La Maîtrise de la Tactique
Le voyage vers Soirétoile n'est pas de tout repos pour le jeune chevalier. Il participe à plusieurs combats plus difficiles les uns que les autres, et son groupe est maintenant constitué de Méliphine, une charmante demi-nymphe, Nur le kobold bricoleur, Hiqad, un courageux aarakocra, Eckhart, un ancien mineur désormais mendiant, et enfin Jeslie, une gnome adepte des baguettes magiques.
Ayant subi une attaque massive d'elfes qui semblent surtout en vouloir à Gautier pour une raison obscure, certains membres du groupe sont grièvement blessés et contraints de prendre la fuite jusqu'à Soirétoile. En atteignant la ville, ils trouvent le place-forte de Tessaril Hivernale assiégée par des assassins, et prêtent main forte aux gardes et à la Dame de Soirétoile. Le groupe a maintenant droit à un repos bien mérité après les soins, mais Gautier est en proie à un poison dangereux, et à ses propres tourments.
Gautier était assit près de la fenêtre de sa chambre, fixant l'eau qui ruisselait sur la vitre. Il caressait pensivement la sphère qui pendait à son cou en écoutant le son continu de la pluie et le tonnerre grondant par intermittence. Les nuages noirs contrastaient avec la lumière et la chaleur apaisantes du feu de cheminée près de laquelle il était installé, torse nu, avachi au fond de sa chaise.
La soirée était aussi sombre que ses pensées. En quelques jours, il avait quitté le confort de Waymoute pour un voyage sanglant. Il avait apprit de bien nobles valeurs en devenant chevalier, mais était-il seulement à la hauteur ? Il avait plutôt l'impression de faillir à son devoir chaque jour.
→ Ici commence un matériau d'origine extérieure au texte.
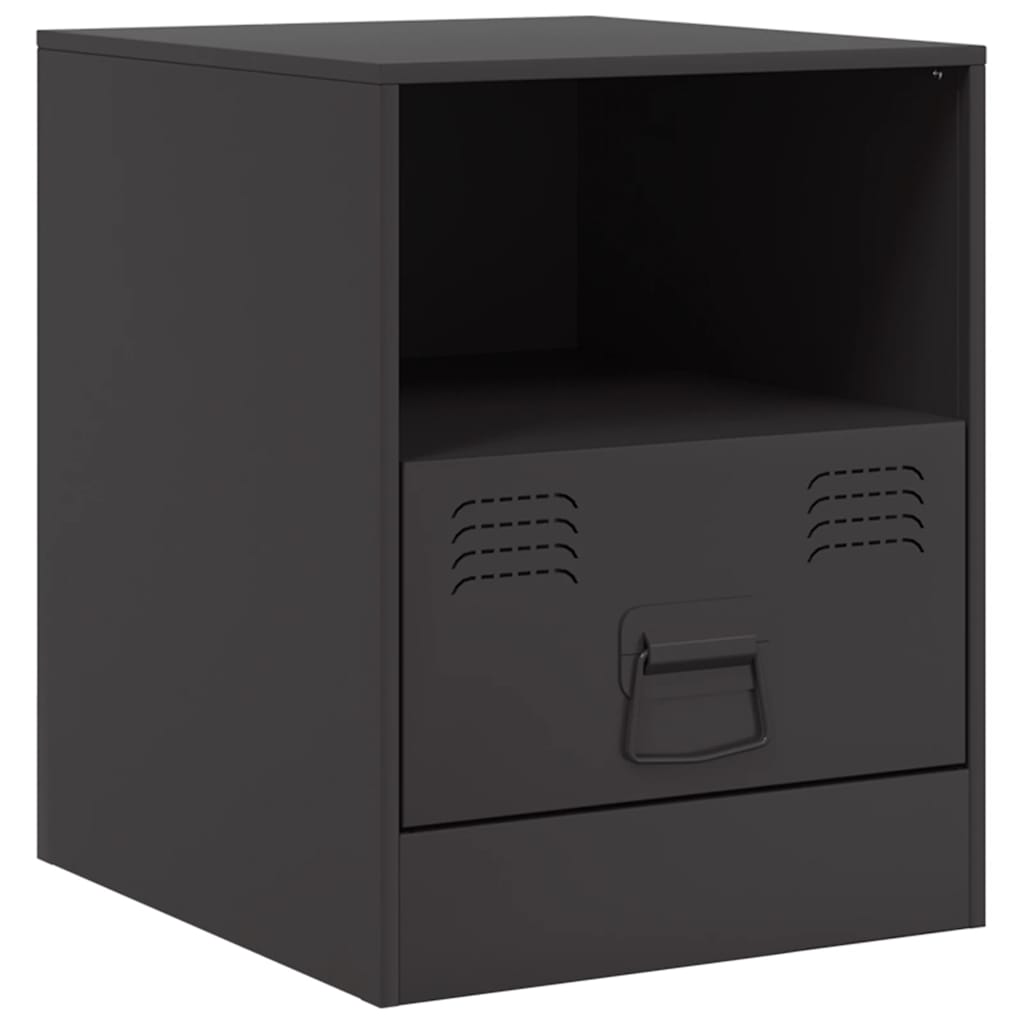 vidaXL Szafki nocne, 2 szt., czarne, 34,5x39x44 cm, stal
Il avait prit de nombreuses vies, certaines auraient certainement pu être épargnées.
Son groupe avait frôlé l'extermination, et il avait failli périr. Quel piètre chevalier faisait-il en prenant ainsi la fuite. Il avait abandonné les siens, qui avaient confiance en lui. Il n'avait pas su les protéger alors qu'il était celui qui les avait plongé dans cette embuscade.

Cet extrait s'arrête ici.